Only lines holding the word "Halloween" are wanted from the records; copy all of them.

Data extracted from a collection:
>>>

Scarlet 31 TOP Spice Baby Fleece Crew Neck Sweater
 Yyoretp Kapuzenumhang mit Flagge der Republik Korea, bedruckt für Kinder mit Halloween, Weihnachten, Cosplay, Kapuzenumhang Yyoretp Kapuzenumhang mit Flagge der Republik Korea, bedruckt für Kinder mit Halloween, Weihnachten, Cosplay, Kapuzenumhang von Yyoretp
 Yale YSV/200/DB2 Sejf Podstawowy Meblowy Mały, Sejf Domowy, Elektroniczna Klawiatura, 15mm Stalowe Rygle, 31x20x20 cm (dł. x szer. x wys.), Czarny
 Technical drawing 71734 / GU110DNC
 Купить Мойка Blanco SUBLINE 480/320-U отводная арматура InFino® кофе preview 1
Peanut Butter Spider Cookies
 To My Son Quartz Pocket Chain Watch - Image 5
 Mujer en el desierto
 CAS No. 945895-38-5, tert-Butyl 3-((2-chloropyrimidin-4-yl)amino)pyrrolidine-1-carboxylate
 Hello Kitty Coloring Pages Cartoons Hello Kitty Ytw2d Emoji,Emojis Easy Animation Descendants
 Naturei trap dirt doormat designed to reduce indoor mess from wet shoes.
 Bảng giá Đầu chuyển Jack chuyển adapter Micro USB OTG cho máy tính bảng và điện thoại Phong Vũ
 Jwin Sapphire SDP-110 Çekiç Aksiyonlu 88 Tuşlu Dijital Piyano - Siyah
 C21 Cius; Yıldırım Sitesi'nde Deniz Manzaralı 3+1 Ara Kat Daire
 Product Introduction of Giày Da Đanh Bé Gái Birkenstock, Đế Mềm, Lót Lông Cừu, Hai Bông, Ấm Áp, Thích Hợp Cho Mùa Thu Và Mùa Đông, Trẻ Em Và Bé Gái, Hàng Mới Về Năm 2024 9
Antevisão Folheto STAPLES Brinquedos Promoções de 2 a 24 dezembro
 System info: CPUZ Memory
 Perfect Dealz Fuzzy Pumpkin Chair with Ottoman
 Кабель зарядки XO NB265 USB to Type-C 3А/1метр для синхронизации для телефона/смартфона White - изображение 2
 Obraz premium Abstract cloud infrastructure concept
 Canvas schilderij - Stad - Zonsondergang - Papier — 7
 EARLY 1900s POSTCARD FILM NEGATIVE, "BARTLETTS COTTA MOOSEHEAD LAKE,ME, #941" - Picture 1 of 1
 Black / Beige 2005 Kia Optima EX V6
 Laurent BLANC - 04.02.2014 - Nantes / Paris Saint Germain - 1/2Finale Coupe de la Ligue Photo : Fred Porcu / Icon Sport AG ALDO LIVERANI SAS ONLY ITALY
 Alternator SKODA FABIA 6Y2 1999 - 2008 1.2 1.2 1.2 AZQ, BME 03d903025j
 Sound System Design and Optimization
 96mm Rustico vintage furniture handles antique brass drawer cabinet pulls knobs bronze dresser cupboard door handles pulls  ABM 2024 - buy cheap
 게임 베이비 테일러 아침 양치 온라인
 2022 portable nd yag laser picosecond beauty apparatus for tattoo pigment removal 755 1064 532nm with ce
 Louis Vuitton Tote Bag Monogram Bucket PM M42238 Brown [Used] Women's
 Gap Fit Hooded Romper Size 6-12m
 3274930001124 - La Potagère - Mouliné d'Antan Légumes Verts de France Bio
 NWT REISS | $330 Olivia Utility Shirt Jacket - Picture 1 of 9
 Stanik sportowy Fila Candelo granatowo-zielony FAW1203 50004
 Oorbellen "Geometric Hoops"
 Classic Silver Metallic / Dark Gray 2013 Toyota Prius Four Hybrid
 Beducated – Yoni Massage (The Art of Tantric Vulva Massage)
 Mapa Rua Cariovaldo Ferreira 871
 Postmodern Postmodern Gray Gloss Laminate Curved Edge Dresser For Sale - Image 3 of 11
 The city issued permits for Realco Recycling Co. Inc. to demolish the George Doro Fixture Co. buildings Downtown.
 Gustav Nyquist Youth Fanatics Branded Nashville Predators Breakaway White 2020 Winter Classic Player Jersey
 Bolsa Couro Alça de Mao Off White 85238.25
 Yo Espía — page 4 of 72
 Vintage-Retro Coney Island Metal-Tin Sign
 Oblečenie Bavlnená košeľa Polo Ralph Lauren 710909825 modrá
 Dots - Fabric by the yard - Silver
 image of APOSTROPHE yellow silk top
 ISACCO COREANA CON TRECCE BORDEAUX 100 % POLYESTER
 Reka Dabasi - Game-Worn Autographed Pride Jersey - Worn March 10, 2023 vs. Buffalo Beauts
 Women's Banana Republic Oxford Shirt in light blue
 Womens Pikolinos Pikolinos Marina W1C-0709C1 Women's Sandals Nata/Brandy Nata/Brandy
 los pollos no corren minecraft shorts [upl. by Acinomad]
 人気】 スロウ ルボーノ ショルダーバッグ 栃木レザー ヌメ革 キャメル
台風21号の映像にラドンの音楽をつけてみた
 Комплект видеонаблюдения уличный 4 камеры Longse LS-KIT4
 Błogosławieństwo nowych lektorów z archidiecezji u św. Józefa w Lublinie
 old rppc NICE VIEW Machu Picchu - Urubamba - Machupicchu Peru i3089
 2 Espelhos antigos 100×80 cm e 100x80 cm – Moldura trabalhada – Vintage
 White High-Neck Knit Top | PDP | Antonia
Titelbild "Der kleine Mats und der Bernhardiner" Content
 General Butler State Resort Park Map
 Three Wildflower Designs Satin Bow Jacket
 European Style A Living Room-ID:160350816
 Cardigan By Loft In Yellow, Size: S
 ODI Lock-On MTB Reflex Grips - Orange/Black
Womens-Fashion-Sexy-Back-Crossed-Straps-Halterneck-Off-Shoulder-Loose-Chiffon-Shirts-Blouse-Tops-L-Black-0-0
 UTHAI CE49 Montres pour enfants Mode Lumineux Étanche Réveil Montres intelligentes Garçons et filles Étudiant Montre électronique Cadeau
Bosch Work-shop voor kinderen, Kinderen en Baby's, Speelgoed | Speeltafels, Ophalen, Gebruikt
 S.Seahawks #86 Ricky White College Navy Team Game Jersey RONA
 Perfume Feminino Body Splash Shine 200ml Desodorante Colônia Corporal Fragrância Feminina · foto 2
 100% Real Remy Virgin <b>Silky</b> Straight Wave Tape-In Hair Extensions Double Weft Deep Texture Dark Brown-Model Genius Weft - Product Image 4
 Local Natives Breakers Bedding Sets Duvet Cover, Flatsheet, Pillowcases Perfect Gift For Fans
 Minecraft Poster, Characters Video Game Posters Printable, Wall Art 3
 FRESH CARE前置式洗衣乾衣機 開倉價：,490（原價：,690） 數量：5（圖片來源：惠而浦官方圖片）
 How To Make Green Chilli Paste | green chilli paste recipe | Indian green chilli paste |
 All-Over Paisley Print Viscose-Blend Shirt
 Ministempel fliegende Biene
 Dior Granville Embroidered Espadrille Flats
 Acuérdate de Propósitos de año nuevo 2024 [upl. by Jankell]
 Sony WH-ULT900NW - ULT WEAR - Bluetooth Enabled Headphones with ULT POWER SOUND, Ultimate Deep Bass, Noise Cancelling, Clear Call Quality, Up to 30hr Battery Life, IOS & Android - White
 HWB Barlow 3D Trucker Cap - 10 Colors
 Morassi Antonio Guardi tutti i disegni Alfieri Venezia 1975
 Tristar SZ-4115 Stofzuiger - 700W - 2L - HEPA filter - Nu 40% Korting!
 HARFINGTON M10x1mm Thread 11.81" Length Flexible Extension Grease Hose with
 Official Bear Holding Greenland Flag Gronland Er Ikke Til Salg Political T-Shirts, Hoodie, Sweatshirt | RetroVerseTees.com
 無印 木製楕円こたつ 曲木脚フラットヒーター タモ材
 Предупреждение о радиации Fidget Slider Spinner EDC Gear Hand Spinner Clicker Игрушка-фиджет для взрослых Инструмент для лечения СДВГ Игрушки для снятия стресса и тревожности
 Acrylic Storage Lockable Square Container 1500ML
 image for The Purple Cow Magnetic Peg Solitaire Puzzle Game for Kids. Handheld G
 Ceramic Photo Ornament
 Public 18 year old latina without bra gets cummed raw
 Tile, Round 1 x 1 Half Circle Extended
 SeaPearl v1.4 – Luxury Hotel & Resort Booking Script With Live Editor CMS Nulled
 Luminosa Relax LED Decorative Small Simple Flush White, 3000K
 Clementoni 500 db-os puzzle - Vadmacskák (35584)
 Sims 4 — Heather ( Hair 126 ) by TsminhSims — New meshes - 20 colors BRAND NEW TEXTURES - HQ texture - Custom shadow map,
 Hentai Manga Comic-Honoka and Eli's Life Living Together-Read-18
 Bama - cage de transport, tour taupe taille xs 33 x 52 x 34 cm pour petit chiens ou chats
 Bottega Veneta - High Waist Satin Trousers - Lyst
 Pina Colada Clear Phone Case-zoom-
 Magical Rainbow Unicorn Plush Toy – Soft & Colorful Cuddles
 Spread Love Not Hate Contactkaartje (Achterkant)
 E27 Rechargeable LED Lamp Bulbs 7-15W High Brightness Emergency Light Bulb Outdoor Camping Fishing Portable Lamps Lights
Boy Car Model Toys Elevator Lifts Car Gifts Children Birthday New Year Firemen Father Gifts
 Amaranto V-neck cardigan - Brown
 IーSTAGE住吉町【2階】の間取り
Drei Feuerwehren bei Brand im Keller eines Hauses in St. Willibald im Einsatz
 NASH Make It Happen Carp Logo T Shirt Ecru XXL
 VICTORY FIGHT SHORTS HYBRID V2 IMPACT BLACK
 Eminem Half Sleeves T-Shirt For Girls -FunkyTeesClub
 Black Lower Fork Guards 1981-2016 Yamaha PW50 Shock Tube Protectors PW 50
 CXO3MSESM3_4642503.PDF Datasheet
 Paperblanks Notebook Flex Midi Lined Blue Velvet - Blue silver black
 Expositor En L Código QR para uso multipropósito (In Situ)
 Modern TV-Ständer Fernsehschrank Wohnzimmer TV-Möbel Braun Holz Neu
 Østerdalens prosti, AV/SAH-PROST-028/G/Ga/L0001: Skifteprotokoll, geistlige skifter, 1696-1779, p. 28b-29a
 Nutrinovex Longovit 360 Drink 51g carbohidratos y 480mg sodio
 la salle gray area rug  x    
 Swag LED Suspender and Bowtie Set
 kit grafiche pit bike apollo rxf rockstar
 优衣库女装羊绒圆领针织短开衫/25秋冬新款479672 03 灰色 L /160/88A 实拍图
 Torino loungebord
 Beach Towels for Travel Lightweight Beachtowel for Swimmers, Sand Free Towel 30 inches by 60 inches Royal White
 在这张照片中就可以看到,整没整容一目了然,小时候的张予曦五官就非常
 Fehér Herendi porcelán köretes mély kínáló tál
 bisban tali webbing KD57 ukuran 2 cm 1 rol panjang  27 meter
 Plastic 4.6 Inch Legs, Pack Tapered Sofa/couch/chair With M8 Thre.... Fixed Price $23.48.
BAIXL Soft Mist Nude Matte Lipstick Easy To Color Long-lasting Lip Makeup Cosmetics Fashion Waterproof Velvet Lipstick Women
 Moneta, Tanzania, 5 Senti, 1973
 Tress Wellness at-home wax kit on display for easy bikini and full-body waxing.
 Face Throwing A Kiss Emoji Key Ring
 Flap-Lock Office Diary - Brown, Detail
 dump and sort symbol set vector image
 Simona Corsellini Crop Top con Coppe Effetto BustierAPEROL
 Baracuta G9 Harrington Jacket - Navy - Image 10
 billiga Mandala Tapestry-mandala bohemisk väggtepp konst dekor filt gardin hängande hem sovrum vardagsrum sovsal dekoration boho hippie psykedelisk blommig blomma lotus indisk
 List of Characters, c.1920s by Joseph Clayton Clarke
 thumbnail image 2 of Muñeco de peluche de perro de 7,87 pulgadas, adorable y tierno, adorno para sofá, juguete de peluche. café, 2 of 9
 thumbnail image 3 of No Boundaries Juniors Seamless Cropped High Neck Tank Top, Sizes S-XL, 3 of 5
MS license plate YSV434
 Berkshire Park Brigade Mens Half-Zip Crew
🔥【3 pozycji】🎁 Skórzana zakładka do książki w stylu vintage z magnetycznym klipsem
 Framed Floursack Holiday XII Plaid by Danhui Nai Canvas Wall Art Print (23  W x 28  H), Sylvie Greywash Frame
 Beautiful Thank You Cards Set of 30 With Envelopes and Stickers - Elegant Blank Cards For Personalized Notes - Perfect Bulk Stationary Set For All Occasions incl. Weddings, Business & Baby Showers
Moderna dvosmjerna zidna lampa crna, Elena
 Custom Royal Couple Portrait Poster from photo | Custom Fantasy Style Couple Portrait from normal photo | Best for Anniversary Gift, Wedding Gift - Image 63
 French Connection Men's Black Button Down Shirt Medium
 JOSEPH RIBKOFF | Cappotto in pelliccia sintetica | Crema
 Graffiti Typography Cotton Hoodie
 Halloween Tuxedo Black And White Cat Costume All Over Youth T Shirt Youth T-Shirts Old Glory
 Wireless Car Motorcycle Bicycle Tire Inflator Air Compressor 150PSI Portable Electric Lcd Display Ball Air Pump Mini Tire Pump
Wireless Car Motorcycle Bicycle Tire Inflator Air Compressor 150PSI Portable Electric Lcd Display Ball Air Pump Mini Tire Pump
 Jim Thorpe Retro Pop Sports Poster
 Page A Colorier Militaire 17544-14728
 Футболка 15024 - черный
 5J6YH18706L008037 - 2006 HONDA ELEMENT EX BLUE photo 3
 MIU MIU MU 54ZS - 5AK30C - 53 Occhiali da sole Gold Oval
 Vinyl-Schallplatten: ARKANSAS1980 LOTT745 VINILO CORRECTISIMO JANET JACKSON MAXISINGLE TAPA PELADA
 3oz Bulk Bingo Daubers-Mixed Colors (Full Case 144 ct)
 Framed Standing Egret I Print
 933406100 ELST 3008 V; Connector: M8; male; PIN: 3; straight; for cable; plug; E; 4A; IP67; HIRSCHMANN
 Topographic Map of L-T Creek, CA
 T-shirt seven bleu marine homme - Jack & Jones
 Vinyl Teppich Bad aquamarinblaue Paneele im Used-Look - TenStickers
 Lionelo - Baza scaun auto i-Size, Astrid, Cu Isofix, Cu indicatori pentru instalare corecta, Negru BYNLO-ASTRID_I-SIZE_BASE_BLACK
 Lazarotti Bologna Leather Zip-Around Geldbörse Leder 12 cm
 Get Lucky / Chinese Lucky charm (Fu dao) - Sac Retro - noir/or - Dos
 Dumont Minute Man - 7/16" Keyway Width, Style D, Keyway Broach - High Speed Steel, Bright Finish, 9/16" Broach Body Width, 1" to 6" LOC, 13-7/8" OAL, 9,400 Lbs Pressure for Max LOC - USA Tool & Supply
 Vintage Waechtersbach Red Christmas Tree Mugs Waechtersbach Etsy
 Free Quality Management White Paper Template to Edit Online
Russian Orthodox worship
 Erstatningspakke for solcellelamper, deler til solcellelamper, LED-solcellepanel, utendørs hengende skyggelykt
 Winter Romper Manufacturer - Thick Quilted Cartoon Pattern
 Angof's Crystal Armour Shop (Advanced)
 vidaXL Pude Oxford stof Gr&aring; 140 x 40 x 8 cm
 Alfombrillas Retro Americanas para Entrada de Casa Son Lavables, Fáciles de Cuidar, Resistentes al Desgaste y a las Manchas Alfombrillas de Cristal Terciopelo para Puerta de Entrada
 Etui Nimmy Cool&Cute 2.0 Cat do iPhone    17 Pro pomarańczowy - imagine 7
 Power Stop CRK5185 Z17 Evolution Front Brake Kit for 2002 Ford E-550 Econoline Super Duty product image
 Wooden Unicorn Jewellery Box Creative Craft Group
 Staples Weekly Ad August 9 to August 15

<<<

TASK OUTPUT:
 Yyoretp Kapuzenumhang mit Flagge der Republik Korea, bedruckt für Kinder mit Halloween, Weihnachten, Cosplay, Kapuzenumhang Yyoretp Kapuzenumhang mit Flagge der Republik Korea, bedruckt für Kinder mit Halloween, Weihnachten, Cosplay, Kapuzenumhang von Yyoretp
 Halloween Tuxedo Black And White Cat Costume All Over Youth T Shirt Youth T-Shirts Old Glory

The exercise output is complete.